(WHAT IS NEEDED):
Before returning the data, strip out the pictures and keep everything else exactly the same.

(INFORMATION PROVIDED):
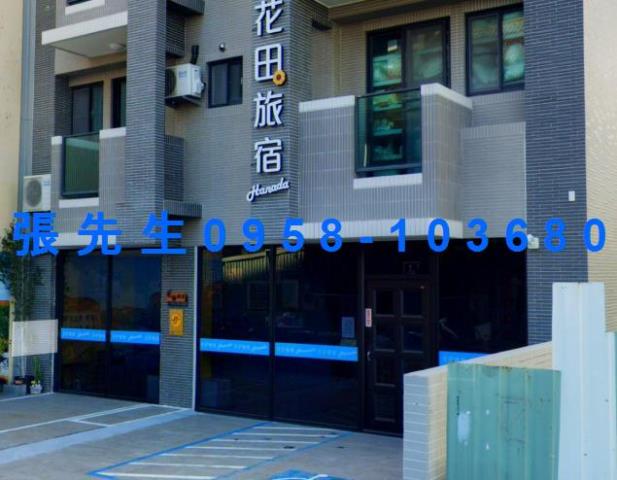 台南安平法拍華廈-3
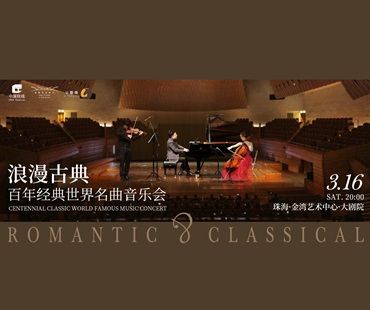 浪漫古典百年經典世界名曲音樂會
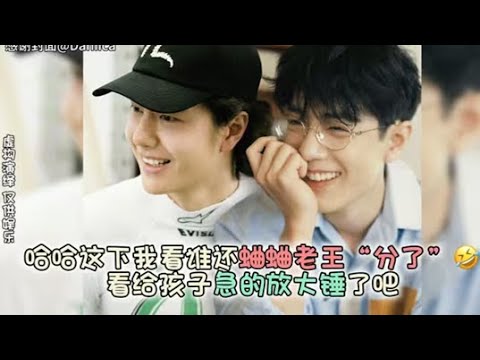 这哪是嫌弃啊！明明是默认了～老王看完球急得不行，这糖太明显了🤭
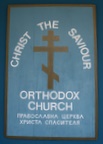 Christ the Saviour Orthodox Sobor (1968) & Holy Trinity Hall (1913) - 721 Somerset St. W.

(ANSWER FOR THE TASK):
 台南安平法拍華廈-3
 浪漫古典百年經典世界名曲音樂會
 这哪是嫌弃啊！明明是默认了～老王看完球急得不行，这糖太明显了🤭
 Christ the Saviour Orthodox Sobor (1968) & Holy Trinity Hall (1913) - 721 Somerset St. W.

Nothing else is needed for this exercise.